[INFORMATION PROVIDED — start]
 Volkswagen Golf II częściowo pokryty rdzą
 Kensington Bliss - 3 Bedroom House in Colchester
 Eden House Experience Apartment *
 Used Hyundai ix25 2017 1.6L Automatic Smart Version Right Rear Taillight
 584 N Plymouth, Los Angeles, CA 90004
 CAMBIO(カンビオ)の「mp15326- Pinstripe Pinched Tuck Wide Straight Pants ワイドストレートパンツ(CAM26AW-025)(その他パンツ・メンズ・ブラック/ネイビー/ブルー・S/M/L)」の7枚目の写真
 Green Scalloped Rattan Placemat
[INFORMATION PROVIDED — finish]
TASK INSTRUCTIONS
Only an exact transcription of all the records above counts as an answer.

WORKED SOLUTION
 Volkswagen Golf II częściowo pokryty rdzą
 Kensington Bliss - 3 Bedroom House in Colchester
 Eden House Experience Apartment *
 Used Hyundai ix25 2017 1.6L Automatic Smart Version Right Rear Taillight
 584 N Plymouth, Los Angeles, CA 90004
 CAMBIO(カンビオ)の「mp15326- Pinstripe Pinched Tuck Wide Straight Pants ワイドストレートパンツ(CAM26AW-025)(その他パンツ・メンズ・ブラック/ネイビー/ブルー・S/M/L)」の7枚目の写真
 Green Scalloped Rattan Placemat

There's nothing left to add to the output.